As seen from Fig. 5, three distinct absorption characteristics for Cdx Znx-1Co2O4 are observed at wavelengths peaking at 268, 532 and 778 nm. The transitions from O 2p of valance band to two states-Co 3d of conduction band are responsible for the two absorption bands of higher energies. Whereas, a d-d transition at Co3+ cation located in octahedral site is associated with the transition corresponding the absorption peaking at 778 nm [20]. The photocatalytic activity may be significantly impacted by the last transition [21].
3.6 Optical band gap evaluation
The minimum energy needed, known as band-energy, is necessary for moving electrons from the valance to conduction band. This is the energy difference between a semiconductor's valance and conduction bands. Optical band gap energy (Eg) of the prepared Cdx Zn1 − xCo2O4 samples are estimated from the Tauc's equation [22] given by,
(αh ν)n = k (h ν - Eg), (4)
where α is the coefficient of absorption, (h ν) is the incident photon energy, k is a constant dependent material and n is a power index that depends on electronic transition. For allowed and forbidden indirect interband transition, the value of n is 1/2 and 3/2. Whereas n is 2 and 3 for direct allowed and forbidden transition. The values of Eg are calculated by intersecting the baseline of (αhν)2 vs. hν plot (shown in Fig. 6) by extrapolating the band line where (αhν)2 becomes zero. From the best fit to the experimental data, the obtained values of Eg for Cdx Zn1 − xCo2O4 varies from 2.93 eV for ZnCo2O4 (x = 0) to 2.15 eV for CdCo2O4 (x = 1). The optical band gap for ZnCo2O4, synthesized by the hydrothermal method, has been reported to be 2.73 eV [23]. In the present study, the decrease of the optical band gap energy with increasing Cd ion dopant can be attributed to structural changes due to introduce of defect states in the lattice structure. The presence of high density levels with energies near the bands can produce band tailing in accordance with reported results for some polycrystalline materials [24].

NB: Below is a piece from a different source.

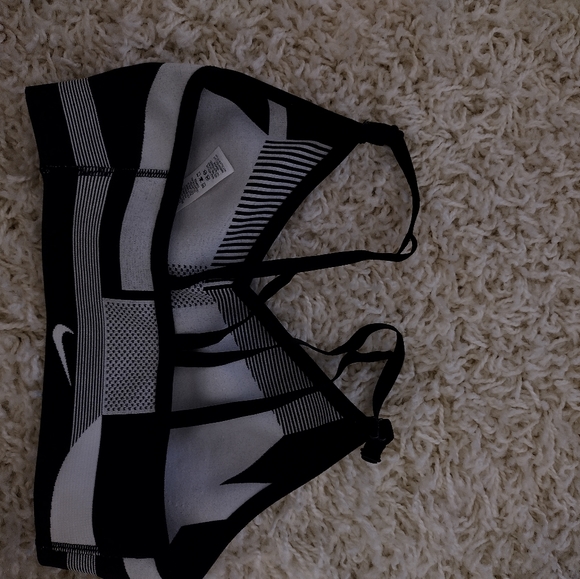 Nike FE/NOM Flyknit sport top size S for woman - Picture 2 of 3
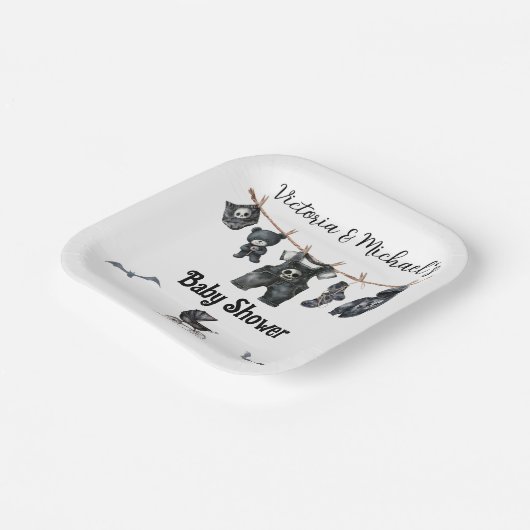 Gothic Halloween Clothesline Baby shower Papieren Bordje (Gebogen)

It has been reported that the band structure of ZCO is described by considering O 2p orbital as the valence band and Co 3d orbital as the conduction band providing a unique internal electronic conversion [25]. Each complex with different Cd ratio of CdxZnx−1Co2O4 has two band gaps. Figure 7 shows these two Eg for ZCO as a represented example. These two Eg are estimated in Fig. 7 to be 2.93 and 2.09 eV. The higher Eg corresponds the transition from O 2p of the valance to Co 3d-eg of the conduction band. The other Eg corresponds the transition from O 2p of the valance to Co 3d-t2g of the conduction band [20].